The SSU also provides security arrangements for ceremonies and public events, carrying out threat level assessment, risk assessment inquiry, and security surveys.

==History==

===Establishment===

Centralized Security Headquarter (CSH) was formed on 31 July 2008 with the aim to provide security to important personalities and institutions.

On 7 April 2010, the CSH was reorganized to ensure effective span of command and supervision, along with the creation of post SP Security-I to provide security to important personalities.

It was reorganized in light of the ambition of SP Maqsood Ahmed to execute the security issues to initiate a change culture in the police unit.

Additionally, on 7 July 2010, SSU was formed to handle the security issues on a provincial level. The post of SP Security-I was renamed as AIGP Security Sindh and positioned under the Inspector General of Police, Sindh.

== Selection ==
In 2013, SSU began recruiting new candidates. The aspirants for the SSU, existing or external candidates (new), are required to pass a certain set of assessments which are aimed at determining their suitability and fitness.

The maximum age limit for existing police personnel is 45 years, and 35 years for officers and soldiers respectively, while for the external candidates, the age limit is 28 years.

The standard height required for external male and female candidates is 5’.6" and 5’.4" respectively; however, candidates with greater height and built-up physique are given preference.

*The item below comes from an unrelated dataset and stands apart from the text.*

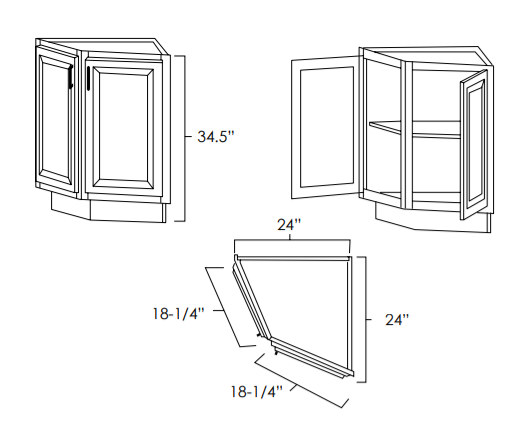 BA24 - Angled End Base Cabinet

The National Testing Service (NTS) conducts the screening test to recruit the new candidates that made the process transparent. After the NTS test, the selected candidates appear in the physical and psychological test.

Further, the interviews are conducted to check the suitability and competency of the selected candidates.

===Training===
After the completion of the recruitment process, the recruited police personnel join the SSU.

The personnel are sent to specified training institution for training course to enhance an integrated response mechanism against terrorism at National level.

The training programs are initiated at the Shaheed Benazir Bhutto Elite Police Training Center Razzakabad, Karachi through the Police personnel appointments, and are advanced to the anti-terrorism unit.

The following Courses are taken by the personnel:

- Elite Police Course (Police Commando Course), follow a similar training module like of Pakistan Army's Special Services Group (SSG)
- VIP Protection Course

== Uniform ==
The SSU personnel wear a black outfit, protective gears, and M-4 rifle. The regular SSU uniform consists of black trouser and full-sleeve shirt, black barrette representing the SSU logo and DMS shoes.

The shirt is ornamented with the rank and training badge, and arm badge of the SSU placed on the upper part of the left sleeve.

The operational uniform of the SSU comprises black trouser, black T-shirt or polo shirt with SSU logo printed on the front left side, along with the name of the unit the back side, P-Cap displaying SSU logo and DMS shoes.

==Activities==
SSU had played an active role in counterterrorism and special operations in Pakistan. Incident in which it was involved included:

- June 2014, a multi-agency operation against Islamic Movement of Uzbekistan, at Karachi Airport.

- January 2023, attack on Karachi Police Office by the Pakistani Taliban. The Special Security Unit broke the siege against the terrorists of the TTP.

==Equipment==
All SSU personnel wear a bulletproof jacket, helmet, and other body protective gears when on operational duty.

=== Small arms ===

| Model | Type | Origin | References |
| Glock | Semi-automatic pistol | Austria |  |
| Beretta 92FS | Italy |  |
| Benelli M4 | Shotgun |  |
| Heckler & Koch MP5 | Submachine gun | Germany |  |
| M4 carbine | Assault rifle | United States |  |
| Type 56 | China |  |
| Beretta ARX160 | Italy |  |
| HK G3 | Pakistan |  |
| PSR-90 | Sniper rifle |  |
| MG3 | Machine gun |  |

=== Miscellaneous ===
- POF Eye
- Hand Grenades
- Smoke Grenades
- Binoculars
- Night vision goggles
==Initiatives==

The SSU established Pakistan's first SWAT team. As of 2016, 50 specialized police personnel (commandos) have been trained to support the efforts of police in critical situations.

==Public training==
In 2015, the SSU established the Hostile Environment Awareness Training (HEAT) program, intended to teach civilians how to respond during terrorist attacks.